C’est une saison 2014 chargée de nouveaux défis qui s’ouvrira dimanche prochain à Poste la Fayette pour le triathlon. Les Championnats nationaux de sprint donneront une bonne indication quant à ceux qui sont potentiellement qualifiables pour les Jeux du Commonwealth prévus du 23 juillet au 3 août à Glasgow et pour bien d’autres importantes échéances à moyen terme. Notamment, les championnats continentaux au Zimbabwe (12 avril), la coupe ITU de Sprint (1er juin au Morne) et les Jeux Olympiques de la Jeunesse à Nanjing, Chine (16-26 août).
2014 s’annonce donc bien différente de 2013 dont le seul fait marquant aura été le titre africain décroché chez les jeunes par Mathias Mongelard à Agadhir, Maroc. Le podium fut complété par ses compatriotes Timothée Hugnin et Grégory Ernest. La page est définitivement tournée d’autant que la nouvelle saison verra le retour de Fabienne St Louis, ‘l’olympienne’ de Londres 2012 sur le circuit mondial, la course à la qualification olympique pour Rio 2016 oblige.
Toutefois, dans l’immédiat, l’attention sera braquée sur les championnats de sprint et des deux épreuves de présélections prévues avant le sommet africain. Celles-ci seront suivies le 23 mars au Morne de la course fatidique des minima d’où émergera la sélection mauricienne. On devrait donc, dès dimanche, voir les prétendants afficher de bonnes dispositions puisque la majeure partie d’entre eux sont en stage intensif depuis le16 décembre dernier sous les directives de l’entraîneur français, David Bardi. « En 2013, on était plus concentré sur la préparation et les stages. On espère que cela va payer cette année lors des échéances importantes», dira le secrétaire général de la Fédération mauricienne de triathlon (FMTri), Alain St Louis. Il remercie, par ailleurs, Kris Appadoo, le président du Mauritius Sports Council qui a fait le nécessaire pour que la piscine Serge Alfred à Beau-Bassin soit accessible aux triathlètes durant les séances de natation.

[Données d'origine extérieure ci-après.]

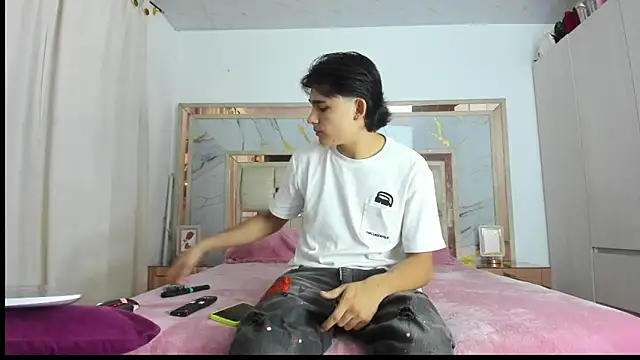 monky 0002 online show from 03/15/26, 11:33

Les jeux juniors, Douglas Carver et Georgia Zheemba ont également pu effectuer « deux semaines de préparation en Afrique du Sud» alors que les autres se sont montrés plutôt réguliers aux séances dirigées sur place par David Bardi. Par contre, le groupe a perdu Mathias Mongelard parti depuis quelques mois sous d’autres cieux, plus précisément, à Mayotte. Depuis, il n’a donné aucun signe.
Ce qui fait qu’ils ne sont plus que deux jeunes, en l’occurrence, Timothée Hugnin et Grégory Ernest, à posséder des chances de se qualifier pour les Championnats d’Afrique au Zimbabwe. « Mais Shenyl Nemdharry  affiche aussi des prétentions», estime Alain St Louis. « Ce trio est aussi éligible à une qualification aux Jeux Olympiques de la Jeunesse à Nanging. Carver et Ernest seront d’ailleurs en lice à la course de qualification prévue le 23 avril à East London, Afrique du Sud », ajoute-t-il.
S’agissant de la Coupe de sprint de l’ITU (Union internationale de triathlon), l’une des manches aura lieu à Maurice le 1er juin au Morne. Cette étape comptera à partir de cette année et pour les trois années suivantes pour la qualification olympique de Rio 2016. Les prétendants hommes et dames, dont Fabienne St Louis, pourront ainsi cumuler des points pour s’assurer d’une place dans les 140 meilleurs mondiaux afin de s’offrir le précieux sésame. Le 1er juin toujours, une course de semi-ironman sera organisée au Morne.
Cet événement passé, les regards seront alors tournés vers les Jeux du Commonwealth à Glasgow et pour lesquels Maurice devrait avoir quatre représentants, soit dans l’épreuve individuelle et dans celle du relais. On doit remonter en 2006 pour voir la première participation historique mauricienne à Melbourne par l’entremise de Michou Bhageea et Cédric Bathfield. Reste que cet événement pourrait aussi devenir dans les années futures, un des passages obligés à la qualification olympique, nous fait part Alain St Louis. « Si cette mesure devait devenir une réalité dans les quatre ans à venir, par exemple, lors des Jeux du Commonwealth 2018, le niveau en sera des plus relevé et les petites nations, telles Maurice, en seront les plus grandes perdantes. Deux réunions ont eu lieu à cet effet, la première aux J.O de Londres 2012 et l’autre en septembre 2013 pour en décider. On préférerait néanmoins que cet évenement conserve son cachet plus unificateur, sportif et culturel.»